(Dataset content)

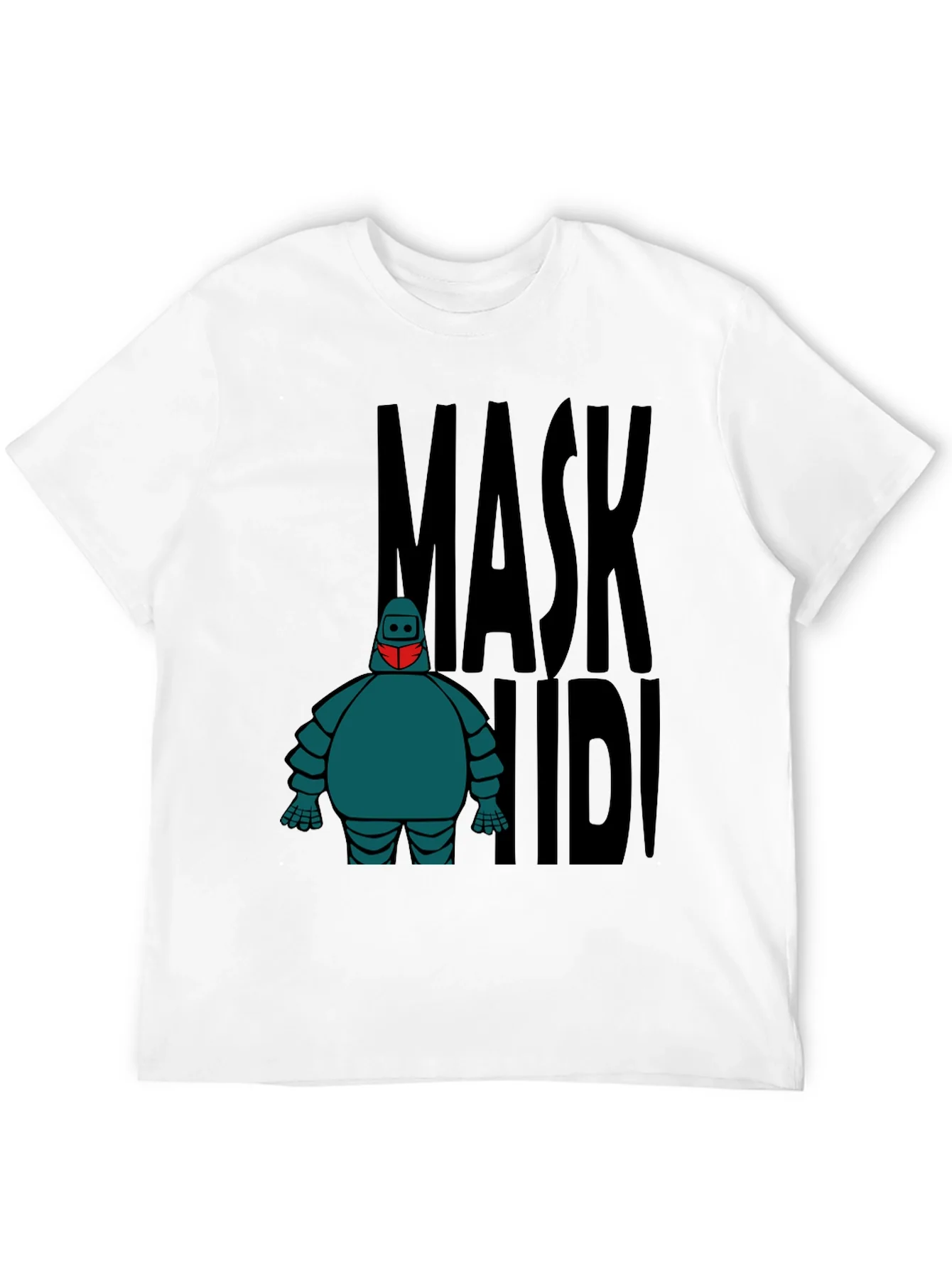 Mask Up Robot Graphic Tee - Stylish Protection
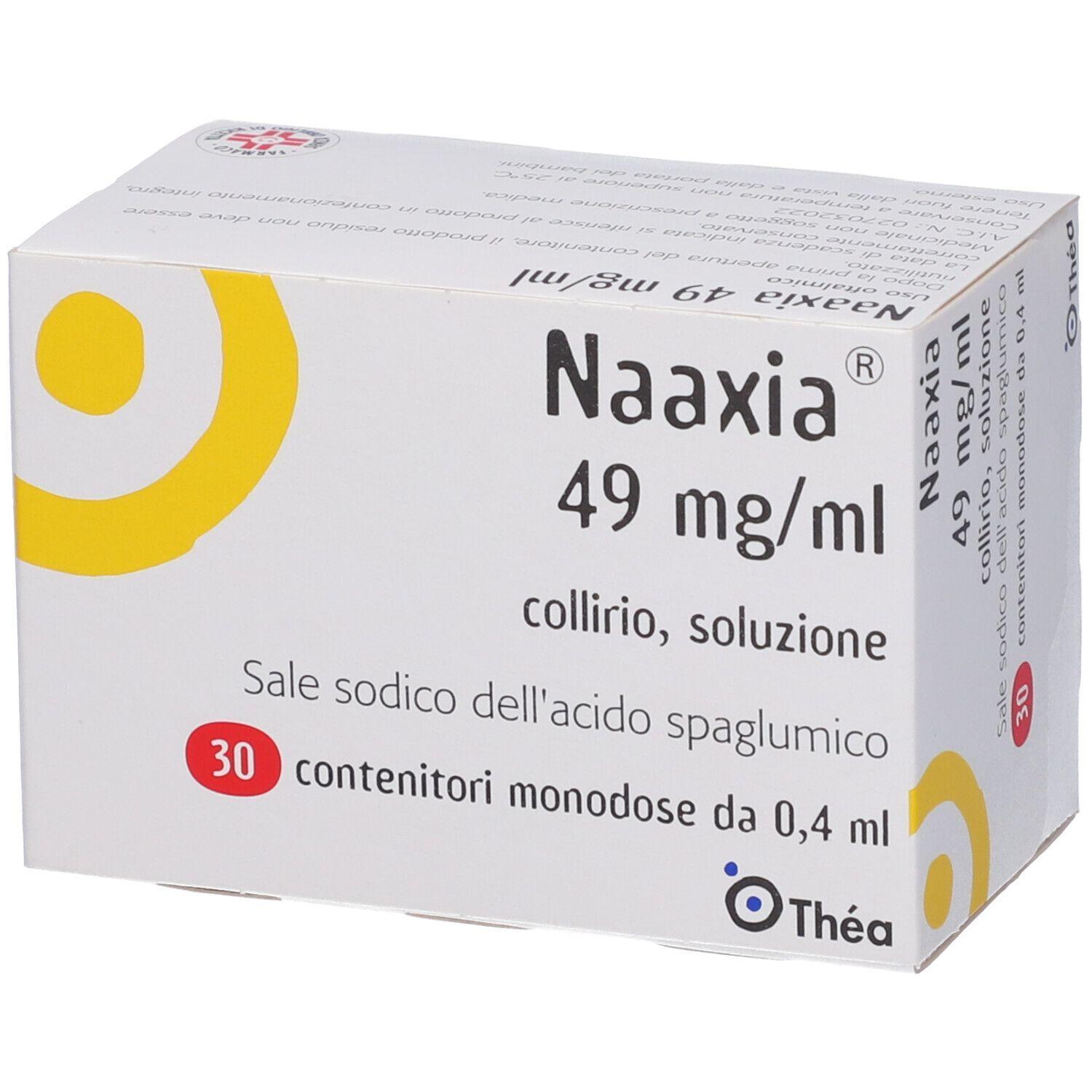 naaxia collirio naaxia 30 flaconcini monodose 0,4 ml 1 dose 4,9% per congiuntiviti allergiche e cherato-congiuntiviti - foto 1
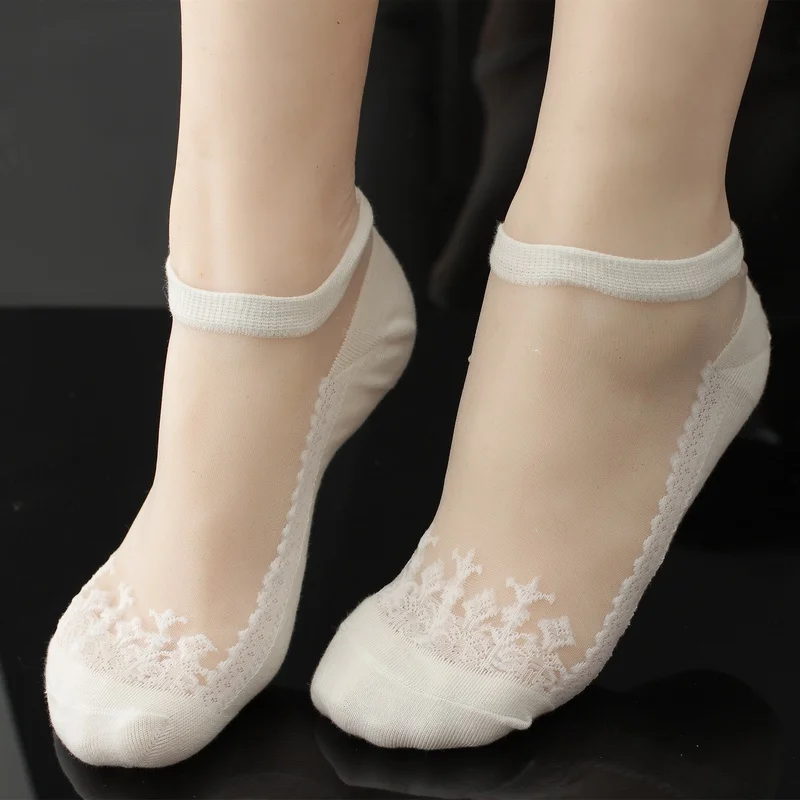 10 пар/лот Для женщин стекло тапочки, закрывающие носок Ультра-тонкий Летние носки повседневные носки 6 цветов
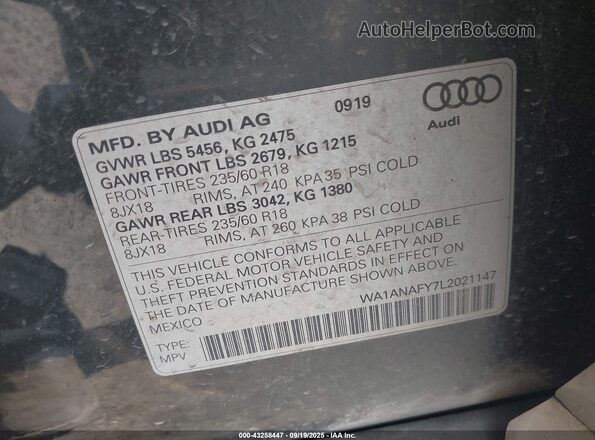 WA1ANAFY7L2021147 2020 AUDI Q5 Black ძრავის განყოფილების ხედი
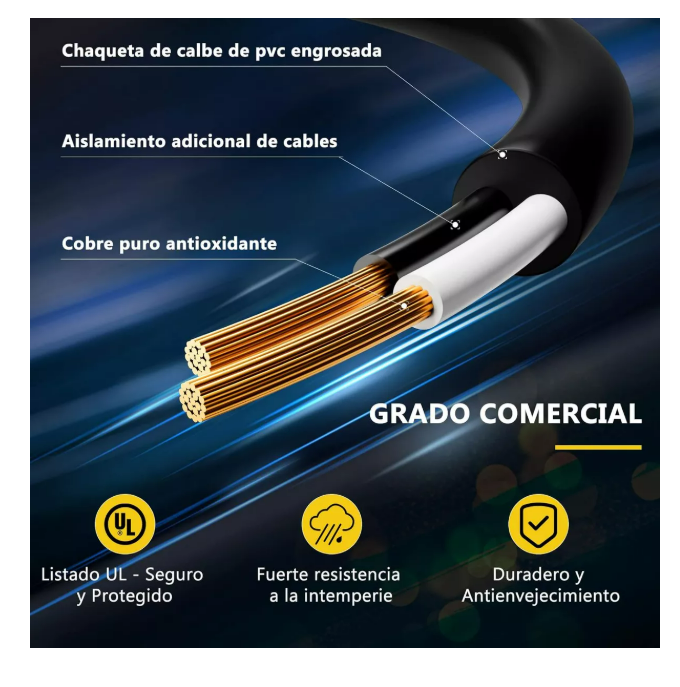 Foto 3 | 10m Guirnalda De Luces  Wünd 10+1 Focos Exterior Led Impermeable Color Negro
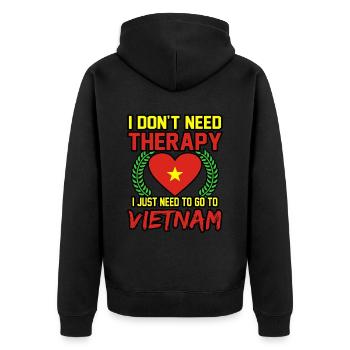 Vietnam - Veste à capuche bio Premium Unisexe - noir - Dos - Nico (187cm)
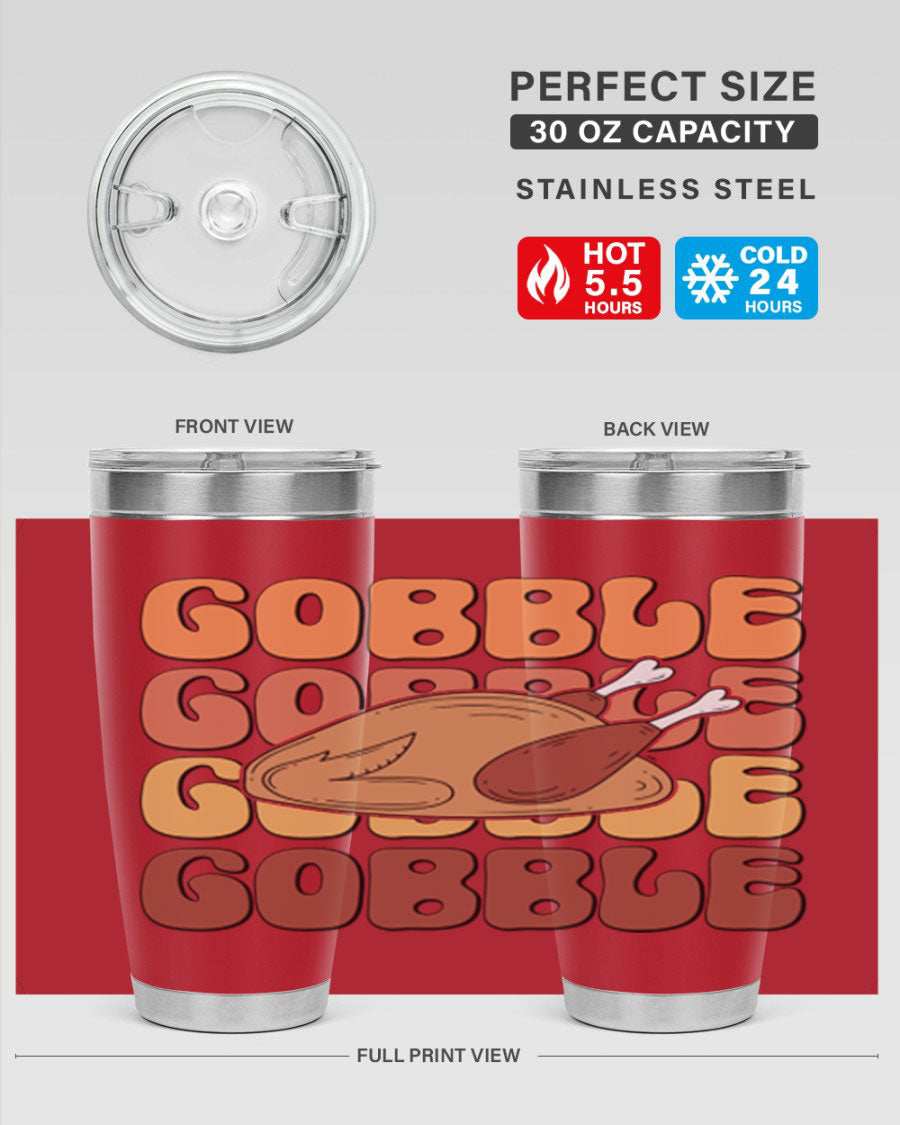 Gobble 198# 20oz Tumbler in stainless steel with a drink-thru lid, showcasing its sleek design and double wall vacuum insulation.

(End Dataset content)

* What you will do *
Print out each record exactly as shown, but keep the pictures out.

* Task result *
 Mask Up Robot Graphic Tee - Stylish Protection
 naaxia collirio naaxia 30 flaconcini monodose 0,4 ml 1 dose 4,9% per congiuntiviti allergiche e cherato-congiuntiviti - foto 1
 10 пар/лот Для женщин стекло тапочки, закрывающие носок Ультра-тонкий Летние носки повседневные носки 6 цветов
 WA1ANAFY7L2021147 2020 AUDI Q5 Black ძრავის განყოფილების ხედი
 Foto 3 | 10m Guirnalda De Luces  Wünd 10+1 Focos Exterior Led Impermeable Color Negro
 Vietnam - Veste à capuche bio Premium Unisexe - noir - Dos - Nico (187cm)
 Gobble 198# 20oz Tumbler in stainless steel with a drink-thru lid, showcasing its sleek design and double wall vacuum insulation.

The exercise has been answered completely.